Return the lines of the data below starting at the one holding "CYCLE Right Straight" and ending at the one holding "マツエク・マツパ まつげパーマ 下まつげエクステ", word for word, leaving every picture out.

Study material >>
• • • • • • •

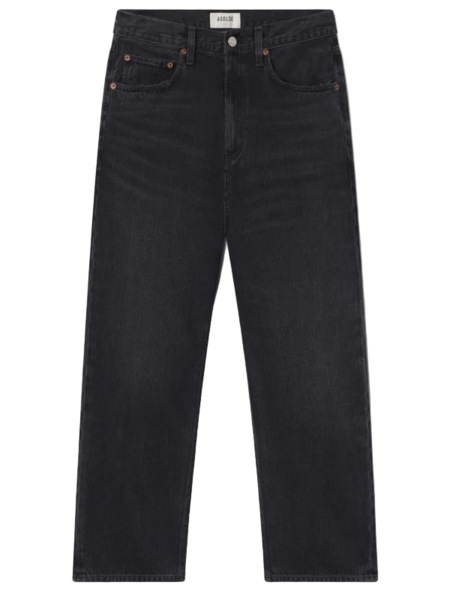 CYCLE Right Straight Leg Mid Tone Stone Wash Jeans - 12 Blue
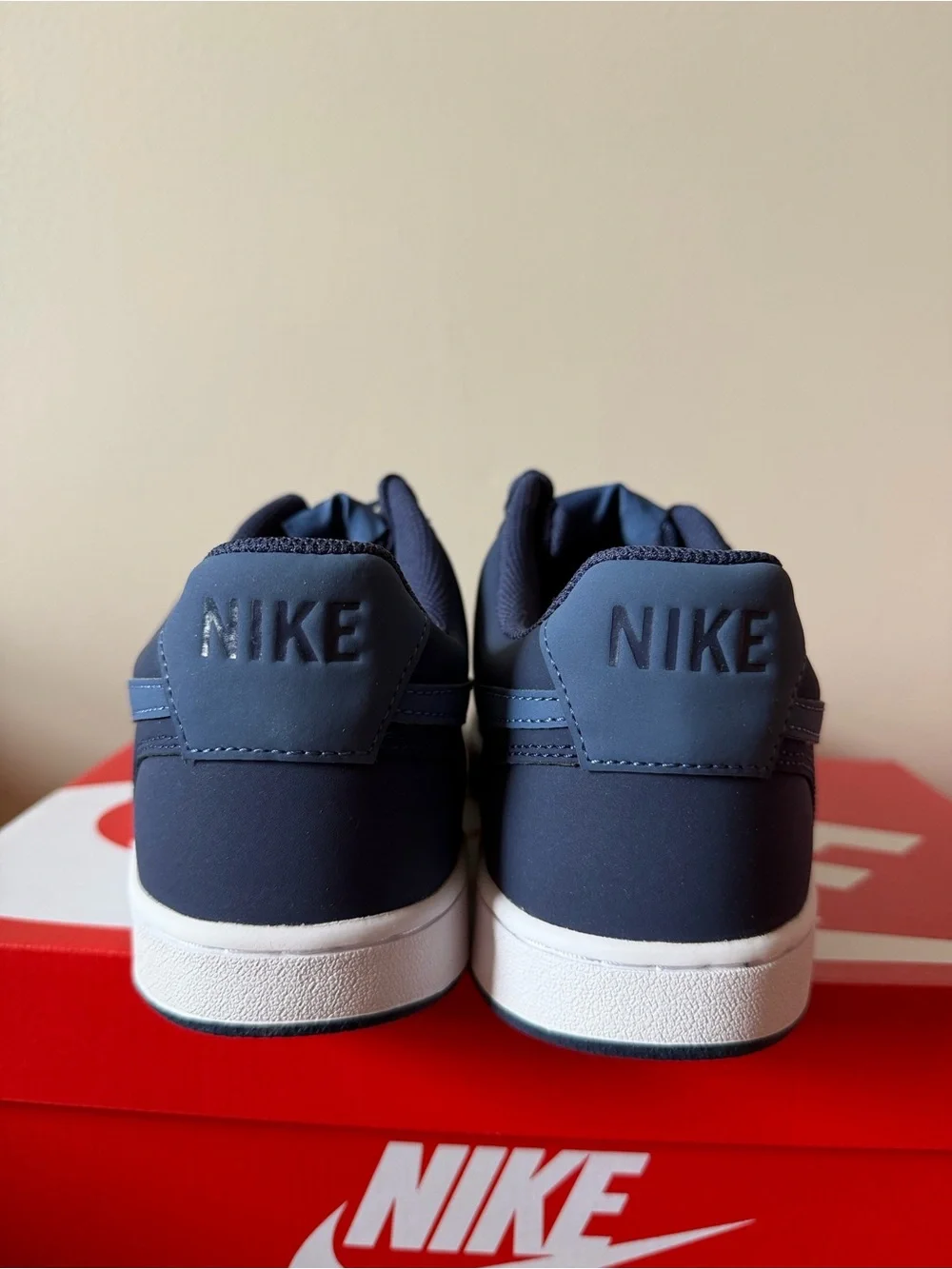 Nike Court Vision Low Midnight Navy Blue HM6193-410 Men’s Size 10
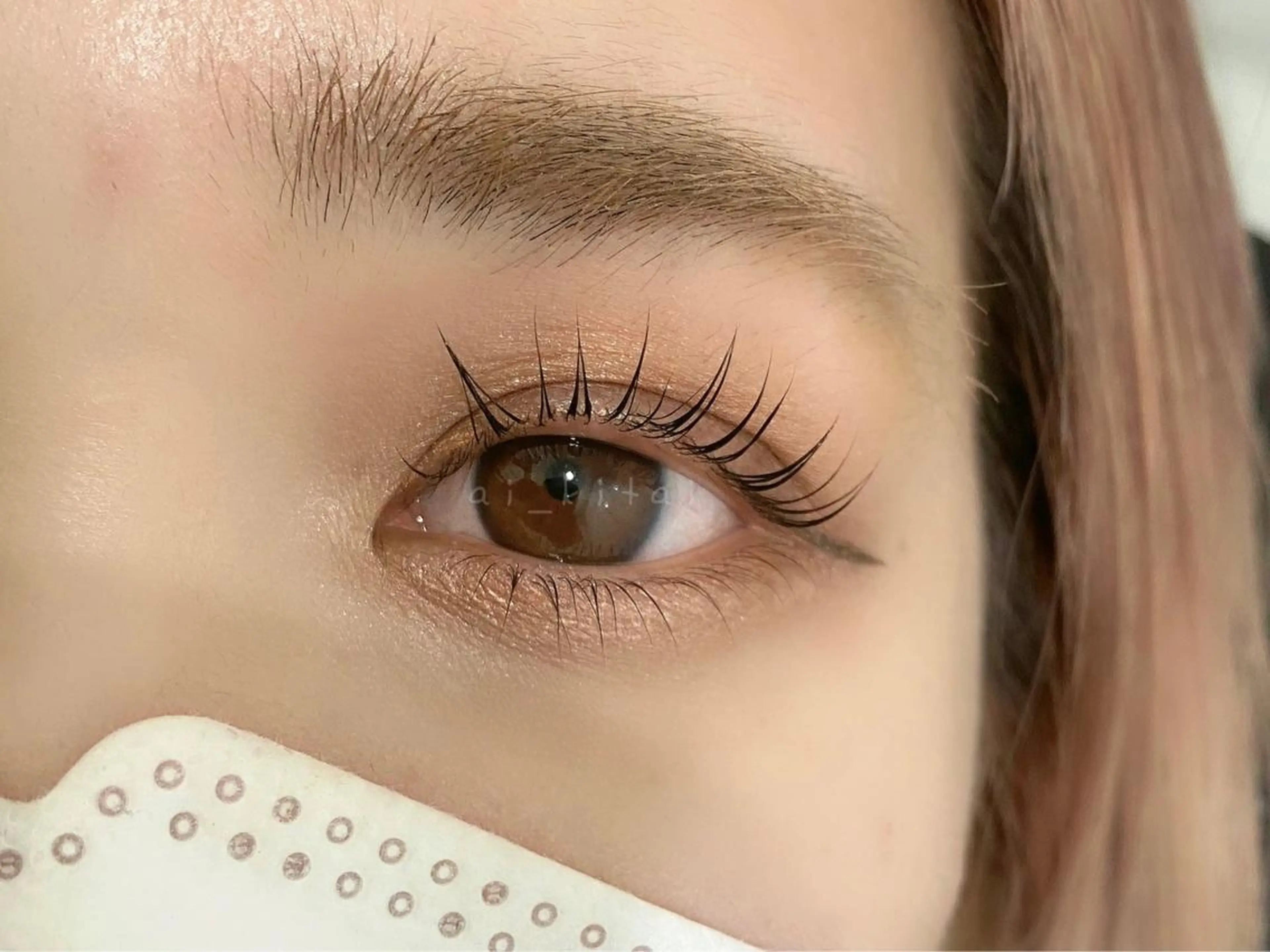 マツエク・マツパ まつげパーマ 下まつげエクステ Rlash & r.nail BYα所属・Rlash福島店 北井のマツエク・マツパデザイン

• • • • • • •

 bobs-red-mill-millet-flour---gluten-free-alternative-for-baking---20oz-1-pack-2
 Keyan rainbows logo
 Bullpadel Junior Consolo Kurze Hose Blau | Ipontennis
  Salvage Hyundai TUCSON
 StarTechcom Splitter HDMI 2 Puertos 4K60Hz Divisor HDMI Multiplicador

• • • • • • •

Answer to the exercise >>
 CYCLE Right Straight Leg Mid Tone Stone Wash Jeans - 12 Blue
 Nike Court Vision Low Midnight Navy Blue HM6193-410 Men’s Size 10
 マツエク・マツパ まつげパーマ 下まつげエクステ Rlash & r.nail BYα所属・Rlash福島店 北井のマツエク・マツパデザイン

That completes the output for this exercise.